Vendors may not like it, and will doubtless whinge; but they will just have to deal with it or get out of the market. As a tactic for preventing piracy, withholding Source Code from paying customers has been a spectacular failure. Most, if not all, malware is the direct result of "collateral damage" arising from this obnoxious practice. (Witness the turnaround time between initial discovery of a security flaw in an Open Source application and the availability of a patch -- often developed independently of the original author -- versus the patch turnaround time for Closed Source software.)
Whatever you may think of the Open Source community, at least we aren't the ones who consistently piss on your chips and tell you it's vinegar.
"So what happens if someone deletes your visible folder ? I'll tell u what happens, the owner of the finger is screwed. "
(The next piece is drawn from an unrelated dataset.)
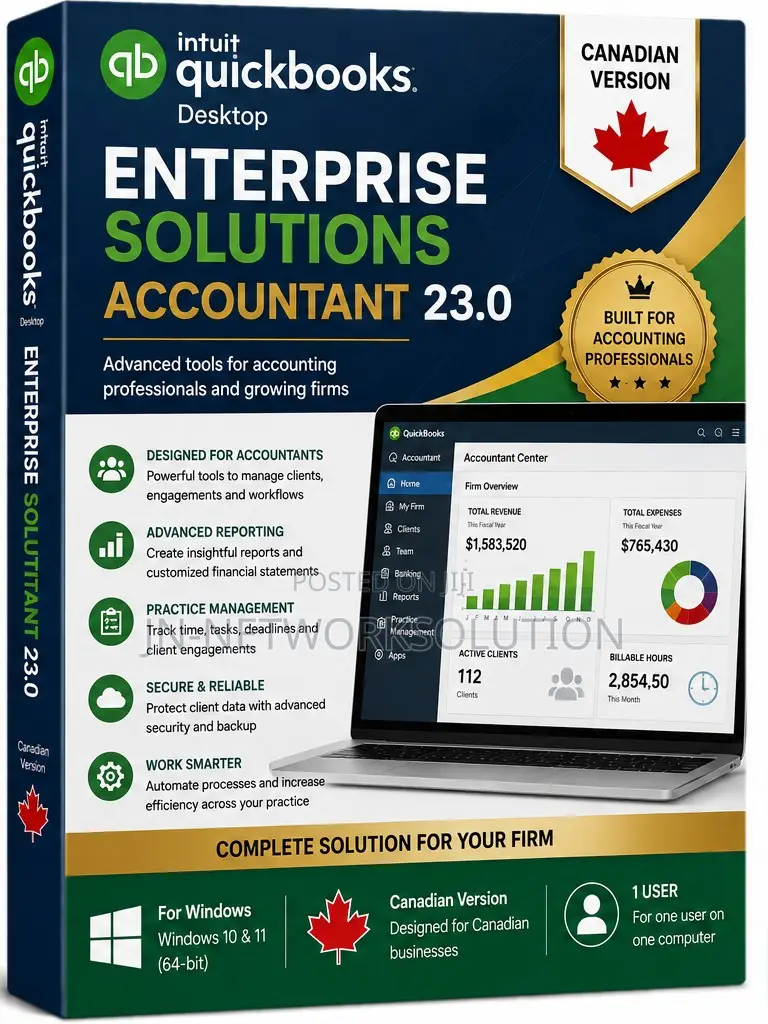 Intuit QuickBooks Desktop Enterprise Solutions Accountant 23.0 Windows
A folder being visible does not mean that it can be deleted... And it being invisible (though I don't know how a folder can be kept hidden from the OS) does not mean that it cannot be.
If there is proper permission settings such that only an admin has access to the folder that is enough security. If you can tamper with it then you've already gained admin access. I really don't see how being invisible from the OS adds any security. Of course it will prevent the regular user from noticing it, but it sure wouldn't stop an experienced hacker which is precisely what it claims to do.
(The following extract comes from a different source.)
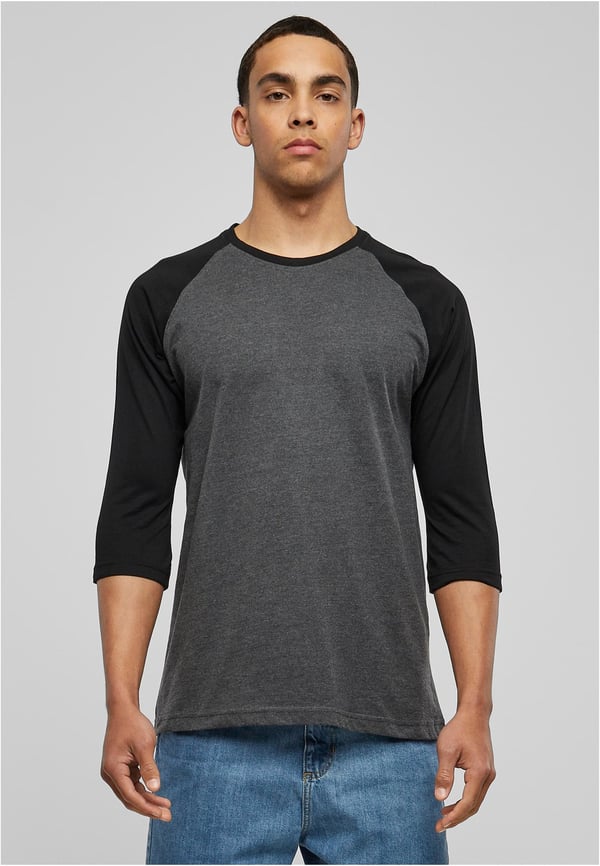Urban Classics TB366 T-shirt 3/4 ærme Bomuld, Jersey, Polyester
Sony would be a more rational company if it were split in two. Sony Hardware/SW is overprotective of Sony Media, with disasterous results.
For better security, get two fingerprint readers and a voice recognition system...
Hey Sony... ooVo "Ptbbbbbbtttt!"
You (sorry, u) are missing the point.
These directories are impossible to see, even if you are an administrator and using all of the forensic tools available to you. Your antivirus software cannot even detect that they are there. So if a virus or keylogger could take advantage of a flaw in the Sony software to install itself into the hidden directory, it cannot be detected. You would be blissfully unaware that something was recording all your keystrokes and sending them home to daddy when you log on to internet banking or use amazon or whatever.
As has been said, a better option would be encryption and access protection. It's easy enough to do and malware exploiting it would then be visible and the AV scanners can deal with it.
You've got a corporation that has clearly shown that it has less respect for its users than it does for other corporations, by illegally installing malware onto users' machines.
Two years later, you think they'll behave any differently? Why would they? They got their little fingers burned the last time, true. A human might have reconsidered his evil ways and given up on that course, or at least tried to avoid another public spanking. A corporation, though, has no shame, no conscience, and apparently a short memory. Perhaps, though, they got a competent programmer to create this rootkit - someone who has experience in creating malware.